Your task => Copy each line in the data that includes the word "Picture".

┄┄┄┄┄┄┄┄┄┄┄┄┄┄┄┄┄┄┄┄

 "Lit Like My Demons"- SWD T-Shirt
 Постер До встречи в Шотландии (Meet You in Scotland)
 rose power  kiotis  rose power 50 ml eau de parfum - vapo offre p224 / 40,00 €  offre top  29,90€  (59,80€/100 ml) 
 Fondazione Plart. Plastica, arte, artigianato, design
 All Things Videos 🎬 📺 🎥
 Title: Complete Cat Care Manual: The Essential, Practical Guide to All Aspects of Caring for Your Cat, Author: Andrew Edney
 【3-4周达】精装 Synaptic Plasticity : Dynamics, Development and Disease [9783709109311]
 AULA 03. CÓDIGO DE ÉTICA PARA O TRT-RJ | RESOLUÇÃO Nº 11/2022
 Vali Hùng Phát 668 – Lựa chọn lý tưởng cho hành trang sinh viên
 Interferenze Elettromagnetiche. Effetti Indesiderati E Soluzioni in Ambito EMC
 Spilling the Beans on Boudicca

┄┄┄┄┄┄┄┄┄┄┄┄┄┄┄┄┄┄┄┄

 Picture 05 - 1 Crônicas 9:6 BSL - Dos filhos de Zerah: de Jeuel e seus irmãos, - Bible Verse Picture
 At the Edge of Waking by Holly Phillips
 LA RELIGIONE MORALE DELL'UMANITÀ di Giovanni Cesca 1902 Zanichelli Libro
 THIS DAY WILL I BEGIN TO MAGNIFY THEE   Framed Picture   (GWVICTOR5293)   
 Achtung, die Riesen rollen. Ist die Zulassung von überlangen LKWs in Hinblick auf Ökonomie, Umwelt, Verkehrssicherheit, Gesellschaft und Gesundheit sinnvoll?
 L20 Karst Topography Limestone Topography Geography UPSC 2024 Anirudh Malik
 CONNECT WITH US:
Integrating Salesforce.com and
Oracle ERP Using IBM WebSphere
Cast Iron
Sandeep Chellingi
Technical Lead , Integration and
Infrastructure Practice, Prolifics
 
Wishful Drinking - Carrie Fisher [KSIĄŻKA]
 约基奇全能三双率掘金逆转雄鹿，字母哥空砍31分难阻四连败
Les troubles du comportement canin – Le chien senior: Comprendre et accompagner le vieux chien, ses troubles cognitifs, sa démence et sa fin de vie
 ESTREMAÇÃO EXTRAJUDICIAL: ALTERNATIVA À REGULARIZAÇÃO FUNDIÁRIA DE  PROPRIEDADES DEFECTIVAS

┄┄┄┄┄┄┄┄┄┄┄┄┄┄┄┄┄┄┄┄

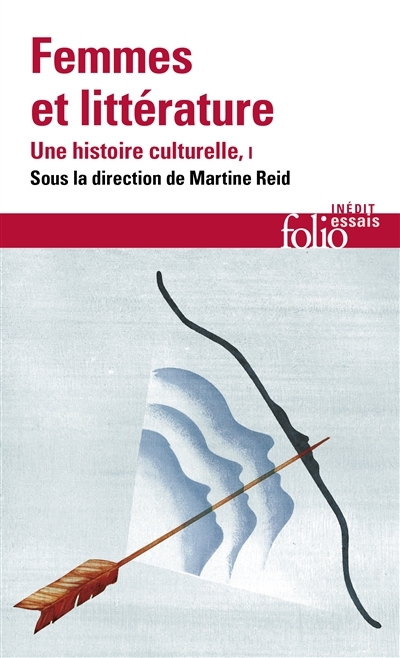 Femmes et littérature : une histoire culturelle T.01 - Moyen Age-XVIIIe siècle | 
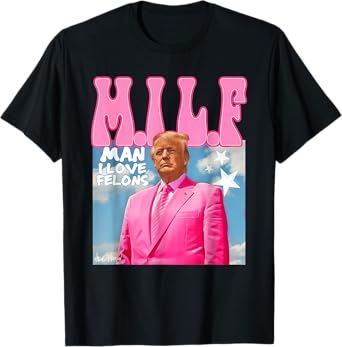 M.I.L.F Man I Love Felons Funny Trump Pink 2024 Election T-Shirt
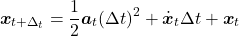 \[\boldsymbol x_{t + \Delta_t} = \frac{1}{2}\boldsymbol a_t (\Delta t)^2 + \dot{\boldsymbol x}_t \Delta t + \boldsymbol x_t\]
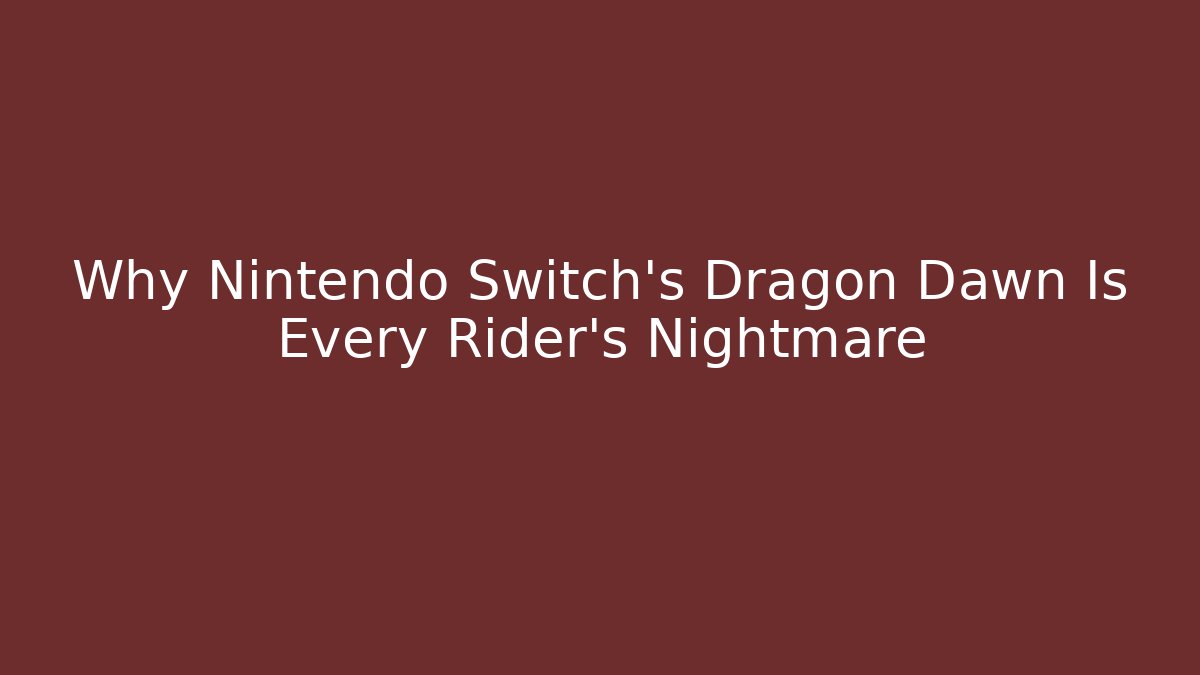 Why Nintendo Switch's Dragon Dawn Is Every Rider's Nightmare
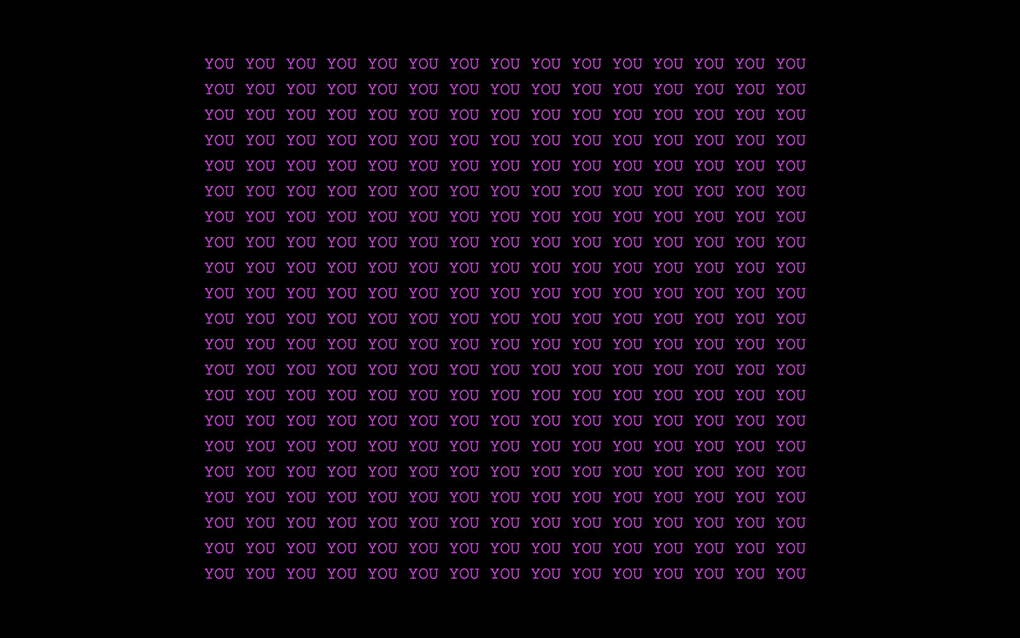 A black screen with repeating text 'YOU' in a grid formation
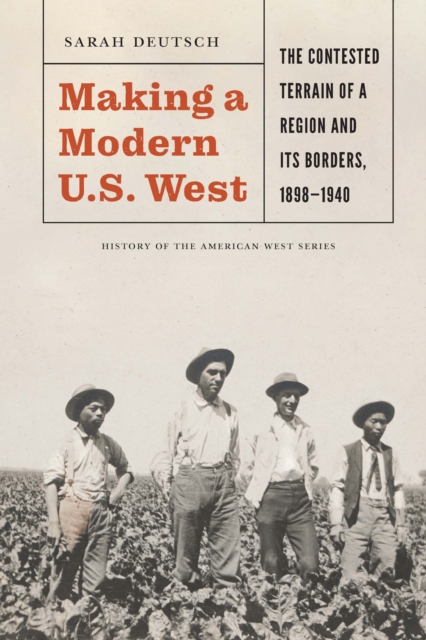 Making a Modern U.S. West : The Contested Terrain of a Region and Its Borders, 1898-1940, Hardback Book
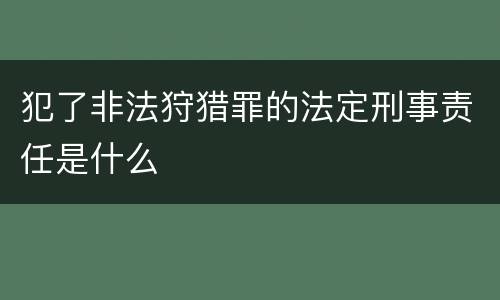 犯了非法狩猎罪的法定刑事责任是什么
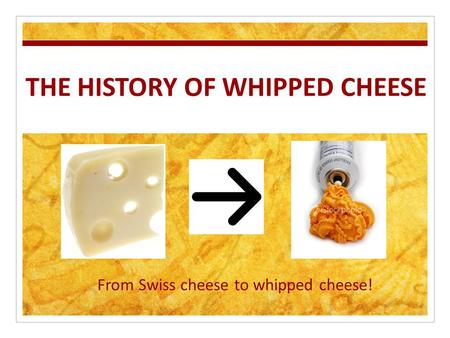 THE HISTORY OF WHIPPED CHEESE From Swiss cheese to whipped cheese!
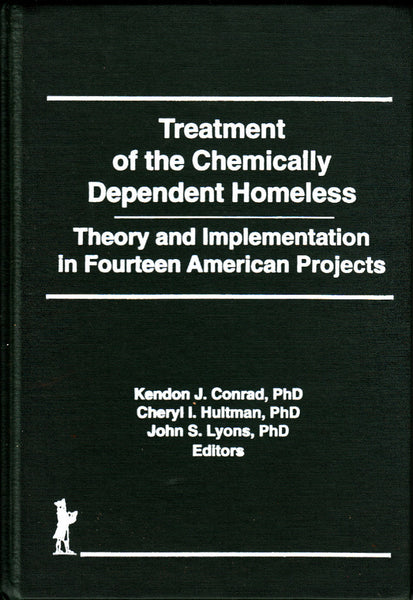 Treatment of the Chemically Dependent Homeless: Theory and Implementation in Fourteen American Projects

┄┄┄┄┄┄┄┄┄┄┄┄┄┄┄┄┄┄┄┄

Result of this task =>
 Picture 05 - 1 Crônicas 9:6 BSL - Dos filhos de Zerah: de Jeuel e seus irmãos, - Bible Verse Picture
 THIS DAY WILL I BEGIN TO MAGNIFY THEE   Framed Picture   (GWVICTOR5293)   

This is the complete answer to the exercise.